Whitehot Magazine
"The Best Art In The World"
By CLARE GEMIMA May 29, 2025
At Half Gallery, a quiet but ecstatic turbulence unfolded in Outside the possibility of worldly (May 8–June 3, 2025), Mannat Gandotra’s first solo exhibition in New York. Steeped in improvisation and spiritual intensity, the show summoned vine-like forms, muscular knots, and chromatic ruptures into what Gandotra describes as hybrid spaces of dissonance and devotional chaos. Informed by music, memory, and the stray impressions of city life, she paints towards friction, and allows the unnatural or unresolved to take on a generative force. In this conversation, Gandotra speaks about making space for contradiction, listening to what a painting asks for, and finding where the 'ordinary' begins to unravel.

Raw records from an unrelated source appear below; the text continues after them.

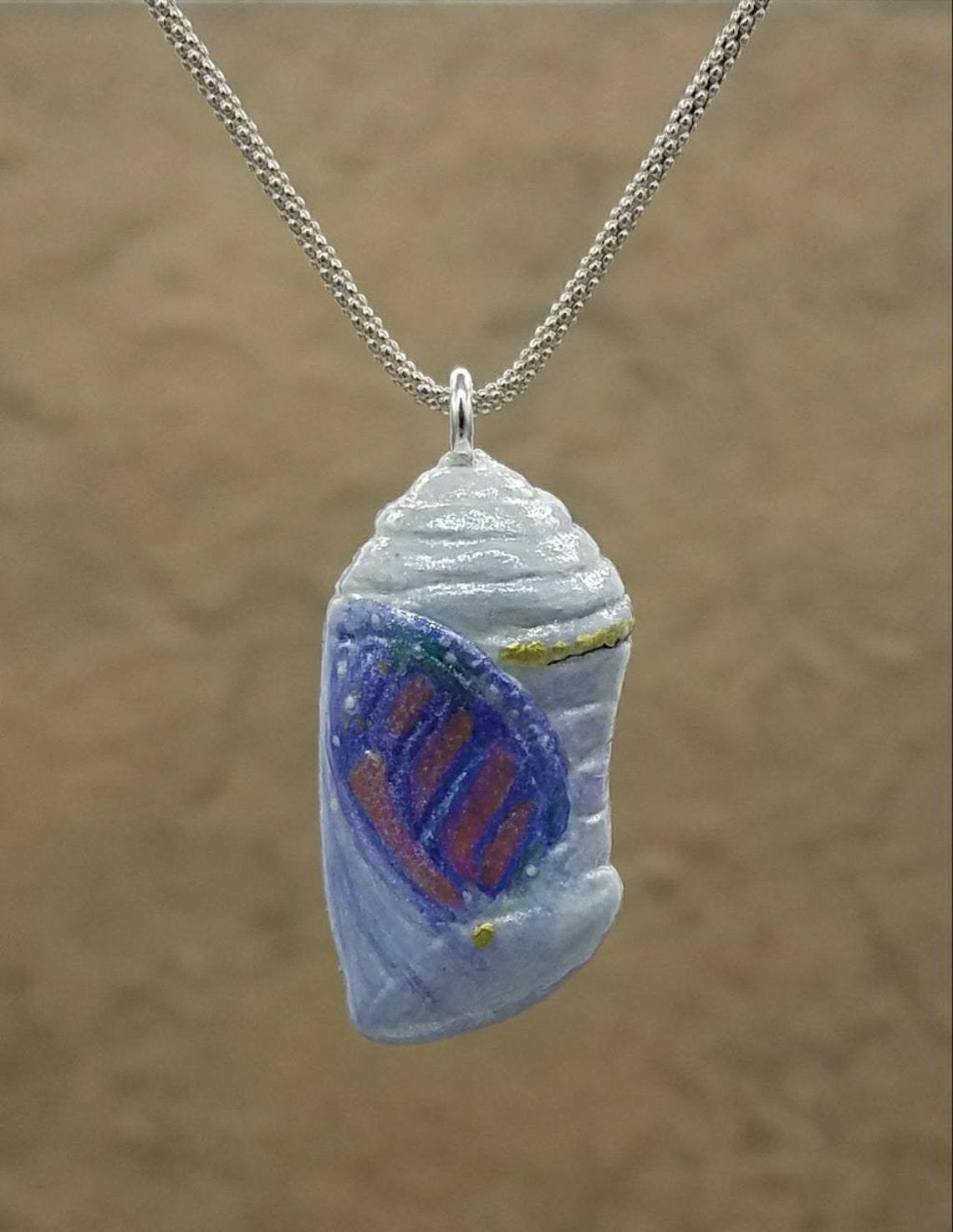 Chrysalis necklace Monarch butterfly pendant Cocoon Etsy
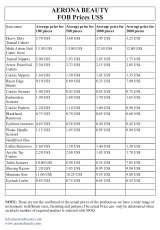 Menus & Prices, Aerona Beauty-Manufacturers Of Beauty Care Instruments, Sialkot
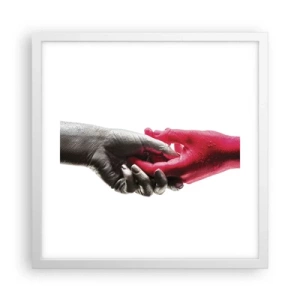 Affiche dans un cadre blanc - Poster - Ensemble, bien que différents - 40x40 cm
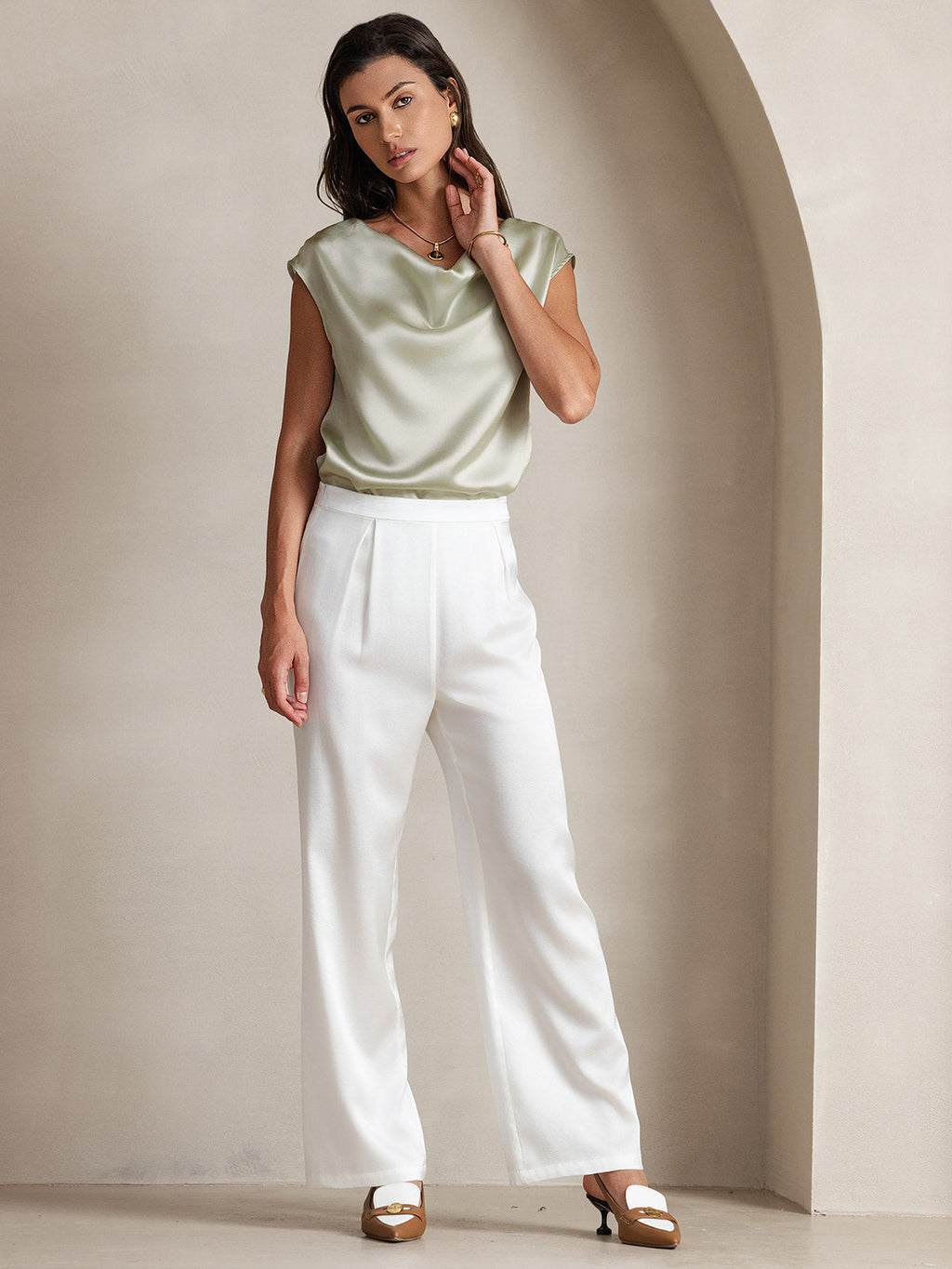 19Momme Silk Cowl Neck Cap Sleeve Blouse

Installation View of Mannat Gandotra’s Outside the possibility of worldly. May 8th - June 3rd, 2025. Half Gallery, New York
Clare Gemima: The title of your exhibition, Outside the possibility of worldly, suggests a conscious severing from material or terrestrial logic. What does “worldly” represent for you, and what lies beyond its threshold in your new body of paintings?
Mannat Gandotra: The title came from some rough sketches I had made at home one evening, and the sentence emerged while I was making them. I hung them up in the studio that week, along with the title written on a post-it note. It set the tone for the paintings. It was a lingering thought I kept repeating to myself like a wishful mantra. I believe it was an honest aim to disassociate and dissemble the worldly elements which have subconsciously anchored my work in many ways. My inner desire has been to tap into that space, to step beyond the materiality of paint into something spiritual, incidental, and instinctive. My show’s title summarised my ambition of opening a portal to a new realm–a place that sits outside the possibility of this world.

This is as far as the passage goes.